🤖 AI Summary
This work identifies a novel data supply-chain poisoning vector for text-to-image (T2I) generation models, wherein the adversarial fragility of vision-language models (VLMs) in image captioning is exploited to inject stealthy “dirty labels.” We propose a black-box adversarial mislabeling attack: by feeding perturbed images to commercial VLMs (e.g., Google Vertex AI, Microsoft Azure), we induce semantically plausible yet incorrect captions, thereby constructing highly inconspicuous poisoned training samples. Crucially, injecting fewer than 0.1% corrupted samples suffices to significantly degrade downstream T2I model fidelity. We provide the first systematic empirical validation of this attack on real-world, production-grade VLMs, achieving over 73% success rate and substantial distortion in generated outputs. Our findings expose VLMs—when deployed as automated annotators—as critical security bottlenecks in multimodal model development pipelines, offering both new insights and concrete evidence for securing multimodal AI supply chains.
📝 Abstract
Today's text-to-image generative models are trained on millions of images sourced from the Internet, each paired with a detailed caption produced by Vision-Language Models (VLMs). This part of the training pipeline is critical for supplying the models with large volumes of high-quality image-caption pairs during training. However, recent work suggests that VLMs are vulnerable to stealthy adversarial attacks, where adversarial perturbations are added to images to mislead the VLMs into producing incorrect captions.

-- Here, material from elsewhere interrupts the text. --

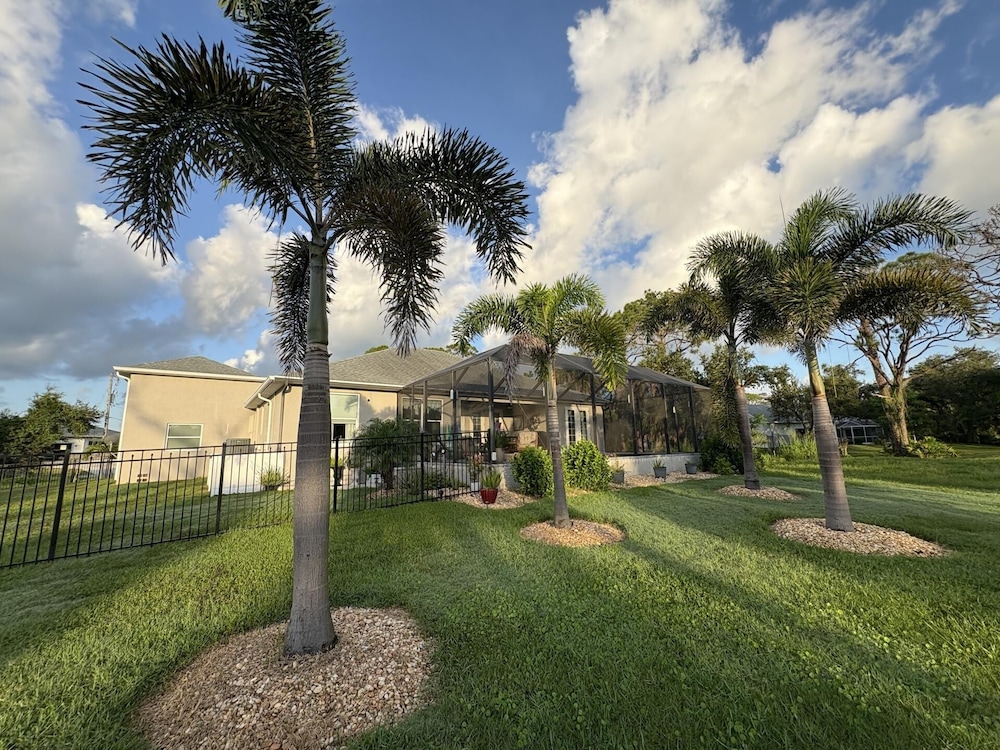 The Sanctuary - Private Pool+spa Vacation Home - Only 5 Minutes To The Gulf Coast! 3 Bedroom Home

In this paper, we explore the feasibility of adversarial mislabeling attacks on VLMs as a mechanism to poisoning training pipelines for text-to-image models. Our experiments demonstrate that VLMs are highly vulnerable to adversarial perturbations, allowing attackers to produce benign-looking images that are consistently miscaptioned by the VLM models. This has the effect of injecting strong "dirty-label" poison samples into the training pipeline for text-to-image models, successfully altering their behavior with a small number of poisoned samples. We find that while potential defenses can be effective, they can be targeted and circumvented by adaptive attackers. This suggests a cat-and-mouse game that is likely to reduce the quality of training data and increase the cost of text-to-image model development. Finally, we demonstrate the real-world effectiveness of these attacks, achieving high attack success (over 73%) even in black-box scenarios against commercial VLMs (Google Vertex AI and Microsoft Azure).